SP1151A: Research Methods and Data Analysis

Seminar tutor: Ursula Wolski

Date due: 27.11.02

Is sociology scientific?

Science offers humans a unique opportunity to observe and interpret the world around them, allowing us to free ourselves from the constraints of mysticism and guesswork that our ancestors relied upon to make sense of a planet which otherwise appears totally random and chaotic. The analytical, systematic process inherent to the scientific approach bases its foundations of knowledge in the naturally occurring patterns and rhythms that govern the natural world.  Scientific disciplines such as biology, chemistry and physics offer not only the ability to explain the nature of matter or the processes of life, but was also able to form generalisations about their properties.
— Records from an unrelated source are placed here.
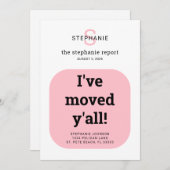 Modern Simple Modern Typografy Pink New Address Ankündigung (Vorne/Hinten)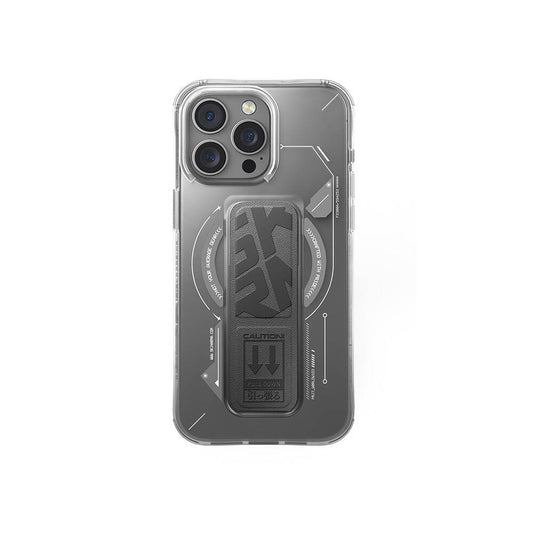 Apple iPhone 16 Pro Max Kılıf M-safe Şarj Özellikli Teknoloji Desenli Standlı Skinarma Helio Kapak Gri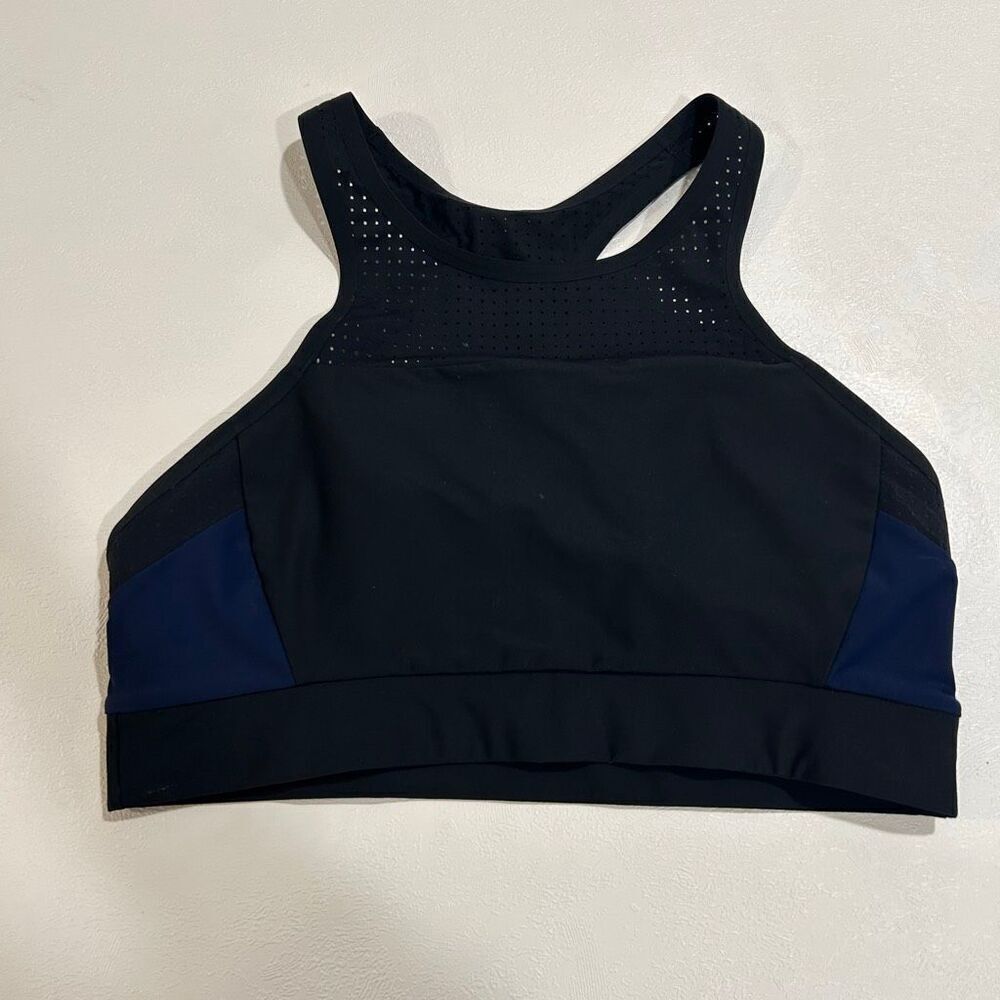 Athleta Black Navy Perforated High Neck Sports Bra Size Small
Sociology, often viewed by many scientists as a poorly formed younger sibling of ‘true science’, has suffered during its short life-span a barrage of criticisms levelled against it regarding the reliability and accuracy of its methods and theories when compared to the ‘natural’ sciences.  

During both the eighteenth and nineteenth centuries advances in science and technology encouraged people to believe that there could be a rational explanation for everything and that scientific study could lead to the solving of all of the problems faced by human beings. Physics, under the guiding hand of Newtonian methodology, had promised comprehensive explanations of the Earth and its place in the universe.
In the same way many looked on Darwinian biological theory as the explanation of life on Earth with the theory of evolution and the origin of the species. Finally, it was anticipated that the social sciences would extend this 'enlightenment project' (Cavazos 2001) into explanations of the collective activities and relationships of human beings. In fact, Auguste Comte, who gave the name to sociology, confidently expected that it would provide the highest level of scientific explanation in establishing laws of human society itself.

From its original purpose as the 'science of society', sociology has moved on to more reflexive attempts to understand how society works. It seeks to provide insights into the many forms of relationship, both formal and informal, between people. Human beings have wants, needs and desires but the forms that these take are related to attachments to social groupings and participation in social institutions.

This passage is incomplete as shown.